But if a corporation deals in its own shares as it might in the shares of another corporation, the resulting gain or loss is to be computed in the same manner as though the corporation were dealing in the shares of another. So also if the corporation receives its own stock as consideration upon the sale of property by it, or in satisfaction of indebtedness to it, the gain or loss resulting is to be computed in the same manner as though the payment had been made in any other property. Any gain derived from such transactions is subject to tax, and any loss sustained is allowable as a deduction where permitted by the provisions of the Act.
The regulation was obviously derived from statements in Commissioner v. Woods Machine Co. (C. C. A., 1st Cir.), 57 Fed. (2d) 635; certiorari denied, 287 U. S. 613. In addition to the language incorporated in the regulation in practically the same words, that opinion also asserted: “If it was in fact a capital transaction, i. e., if the shares were acquired or parted with in connection with a readjustment of the capital structure of the corporation, the Board rule [that no gain or loss results] applies.” It is-not unreasonable to assume that this concept also inheres by inference in the regulation.

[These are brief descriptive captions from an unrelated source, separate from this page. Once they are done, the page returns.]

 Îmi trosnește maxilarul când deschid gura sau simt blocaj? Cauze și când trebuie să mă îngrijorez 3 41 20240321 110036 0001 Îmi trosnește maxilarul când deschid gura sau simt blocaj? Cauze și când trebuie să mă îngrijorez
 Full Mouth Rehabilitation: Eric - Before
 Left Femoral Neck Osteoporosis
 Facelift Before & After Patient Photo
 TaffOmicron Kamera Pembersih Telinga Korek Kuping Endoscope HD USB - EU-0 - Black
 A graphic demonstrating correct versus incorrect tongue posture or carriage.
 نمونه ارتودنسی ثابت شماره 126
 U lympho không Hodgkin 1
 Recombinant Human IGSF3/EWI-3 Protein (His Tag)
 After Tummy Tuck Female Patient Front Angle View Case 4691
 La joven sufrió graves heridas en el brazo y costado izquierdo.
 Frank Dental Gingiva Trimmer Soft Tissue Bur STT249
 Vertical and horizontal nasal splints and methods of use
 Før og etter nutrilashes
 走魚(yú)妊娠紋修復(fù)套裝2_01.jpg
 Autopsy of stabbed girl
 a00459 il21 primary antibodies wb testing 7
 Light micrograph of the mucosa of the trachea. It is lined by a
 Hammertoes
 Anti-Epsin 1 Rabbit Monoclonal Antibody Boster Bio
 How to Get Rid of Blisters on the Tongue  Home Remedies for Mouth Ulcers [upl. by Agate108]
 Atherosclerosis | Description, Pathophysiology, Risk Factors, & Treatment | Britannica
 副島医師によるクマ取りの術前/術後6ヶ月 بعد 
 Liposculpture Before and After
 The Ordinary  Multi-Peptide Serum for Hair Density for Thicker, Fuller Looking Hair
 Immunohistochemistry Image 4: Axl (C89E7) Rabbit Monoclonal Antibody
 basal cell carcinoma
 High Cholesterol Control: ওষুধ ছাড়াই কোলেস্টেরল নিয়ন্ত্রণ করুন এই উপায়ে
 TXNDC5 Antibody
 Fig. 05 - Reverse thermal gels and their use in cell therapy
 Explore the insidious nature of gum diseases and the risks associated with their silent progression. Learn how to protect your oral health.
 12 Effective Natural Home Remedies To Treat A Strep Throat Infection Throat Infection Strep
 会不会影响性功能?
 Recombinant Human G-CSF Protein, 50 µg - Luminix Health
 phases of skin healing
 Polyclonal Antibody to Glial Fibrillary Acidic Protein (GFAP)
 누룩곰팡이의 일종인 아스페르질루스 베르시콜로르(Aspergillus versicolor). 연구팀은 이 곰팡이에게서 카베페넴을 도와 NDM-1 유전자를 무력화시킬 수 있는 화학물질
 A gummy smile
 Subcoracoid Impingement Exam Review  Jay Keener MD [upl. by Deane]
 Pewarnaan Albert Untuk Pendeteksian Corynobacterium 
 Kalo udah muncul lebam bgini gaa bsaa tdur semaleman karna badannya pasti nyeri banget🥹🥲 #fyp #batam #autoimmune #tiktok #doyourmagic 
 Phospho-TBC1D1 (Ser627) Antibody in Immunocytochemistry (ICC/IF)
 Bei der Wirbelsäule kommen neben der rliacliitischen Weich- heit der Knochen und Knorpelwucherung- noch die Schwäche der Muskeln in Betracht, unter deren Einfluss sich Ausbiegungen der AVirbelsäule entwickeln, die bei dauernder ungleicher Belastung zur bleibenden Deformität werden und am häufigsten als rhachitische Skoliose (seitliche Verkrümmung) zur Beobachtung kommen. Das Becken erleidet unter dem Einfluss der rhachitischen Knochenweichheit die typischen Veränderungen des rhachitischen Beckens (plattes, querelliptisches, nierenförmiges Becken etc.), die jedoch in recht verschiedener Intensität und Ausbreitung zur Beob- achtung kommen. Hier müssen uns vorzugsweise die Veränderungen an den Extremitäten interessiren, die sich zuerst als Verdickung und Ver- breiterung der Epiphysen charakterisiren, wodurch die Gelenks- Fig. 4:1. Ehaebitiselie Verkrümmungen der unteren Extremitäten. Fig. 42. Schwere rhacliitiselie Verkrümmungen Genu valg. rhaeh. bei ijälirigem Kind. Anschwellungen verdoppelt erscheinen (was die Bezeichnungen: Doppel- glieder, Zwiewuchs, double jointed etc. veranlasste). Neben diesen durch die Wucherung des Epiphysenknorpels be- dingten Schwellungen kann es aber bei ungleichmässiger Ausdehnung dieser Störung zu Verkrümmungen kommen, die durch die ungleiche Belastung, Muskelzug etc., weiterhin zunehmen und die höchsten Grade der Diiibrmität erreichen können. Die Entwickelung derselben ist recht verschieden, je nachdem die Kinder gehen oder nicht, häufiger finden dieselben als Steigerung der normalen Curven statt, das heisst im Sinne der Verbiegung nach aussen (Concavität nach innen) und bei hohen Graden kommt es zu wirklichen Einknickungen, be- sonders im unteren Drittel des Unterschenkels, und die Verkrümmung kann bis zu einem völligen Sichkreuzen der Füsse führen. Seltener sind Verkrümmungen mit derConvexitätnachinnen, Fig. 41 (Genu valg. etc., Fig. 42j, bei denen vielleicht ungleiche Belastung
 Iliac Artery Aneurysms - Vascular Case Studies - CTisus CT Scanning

The reported cases dealing with the question under the amended regulations are uniform in concluding that taxable gain was the consequence of the respective situations there considered. But we do not think it follows that the existence of circumstances authorizing a contrary result is impossible or that, if such circumstances arise, the corporation must nevertheless be treated as having secured a taxable gain. The opinion in each case considers and discusses the question, although ultimately rejecting the result on its own facts, and indeed such a principle would contradict the alternative character of the regulation itself and render reference to the “real nature of the transaction” meaningless.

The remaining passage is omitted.